İLLUMİNATİ OYUN KARTLARI 1

İlluminati oyun kartları resimde gördüğünüz adam tarafından 1995 yılında icat edilmiştir.


 Bakın zaten adamın üzerindeki piramiti söylemiyorum bile.İşte oyun kartlarını da görünce anlarsınız ya da bu da bi tesadüf canım diyen sığırlardan olabilirsiniz.
    Neyse artık konuya dalış yapalım.bakın resimdeki oyun kartını inceleyelim.

 Terorist saldırısı diyor.(terorist nuke)Bir de orada ikiz kuleleri görüyorum sanki.Size de tanıdık gelmedi mi?Hatta Müslüman kardeşlerimize iftira atılarak yapılan 11 eylül ikiz kuleleri saldırısına benziyor.2001'de olmamışmıdı bu olay?1995 bunu nereden bilebilyorlar ki caba?Bence saldırıyı Müslümanları karalamak için kendleri yaptılar.Bakın...
  
    Yukarıdaki resme ne kadar çok benziyo yeaa.(bu konudan daha sonra bahsedeceğim)
        
       Şimdi 2. resme bakalım.
                                                       
                                              (Pentagon değil mi o yeaa?)
 Pentagon. Bunun da Türkçe’sini beklemeyin Pentagon işte anasını satıyım. Ama isminin nereden geldiğini sorarsanız,ki aranızda vardır öle meraklılar, ismi ‘pentegram’dan gelir, yani beşgen. Zira Pentagon beş tane büyük duvardan meydana gelir. Herneyse, konumuz Pentagon’un tarihi diğil. Dersi kaynatma evladım, otur yerine. Ne anlatıyodum lan ben? Hah,tamam. Atatürk 1881 yılında Selanik’te… Şaka. Evet devam edelim .
Burası Amerika’nın Savunma Bakanlığı ve Askeri Haberalma örügütü binasıdır. Amerika’nın askeri kalbidir yani. Ve bu kartta gördüğümüz üzere, bir saldırıya maruz kalmış ve alevler içinde yanıyor çocuk. Tamam, bu kart, çok cesur ve cüretkar bir hayalperest tarafından çizilmiş olabilir, doğaldır…
 Bir de gerçeğine bakalım.
   Aha Amerikanın askeri üssü pentagon değil mi la?
 Evet, gördüğünüz gibi.Bu da 11 eylül 2001.Bizim Steve geleceği iyi tahmin ediyor ya da  bunlarıı yaptıranlara çalışıyor.Şimdi başka bir resim:
               
 Bi deprem oluyor sanki.Bu bir deprem yapıcı, HAARP projesi.Bu alet deprem yapabiliyor.Bilmeyenler çok şaşırmış olabilir.Bir de gerçeğine bakalım.
 
 HAARPtan daha sonra bahsedeceğim.Şimdi özelliklerini inceleyelim.
 Örneğin mesela ; Amerikalı yetkililer HAARP hakkında şöyle bir resmi açıklama yapmışlar vakti zamanında ;
* Dünya üzerindeki petrol ve doğalgaz gibi işlerine yarayan yeraltı kaynaklarının yerlerini tespit etmek.

* Gerekli zamanlarda ABD ordusu dışındaki haberleşme kaynaklarını kesmek.

* Olası bir füze veya benzeri saldırılarda, füzeyi havada imha etmek.
Gibi cibi aristokrat ağzıyla bu ve bunun gibi açıklamalar işte.
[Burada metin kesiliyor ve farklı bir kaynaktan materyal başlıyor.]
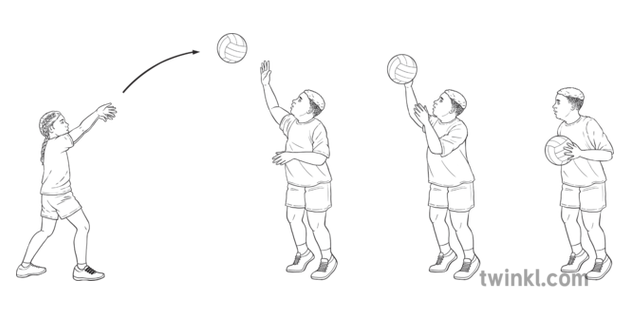 One Handed Catch and Pull In Children Y6 Netball Twinkl Move PE KS2 Black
Yani benim sevgi pıtırcığı, bebek yüzlü, zayıf Amerikalılarım tamamen bir savunma aleti yapmışlar. Oy yerim ben sizi, çok seviyom biliyon mu anam.
Geçiniz.
Bir de, bu sevgi pıtırcıklarının yaptığı açıklamalara birşeyler ekleyen amcalarımız var. Örneğin mesela ; Prof. Dok. Gordon JF McDonald amcamız ne demiş biliy misiniz? Ben biliyim.
* Depremler yapabilir.

* İklimleri değiştirebilir ve kontrol altına alabilir.
* Ozon tabakası üzerinde oynama yapabilir.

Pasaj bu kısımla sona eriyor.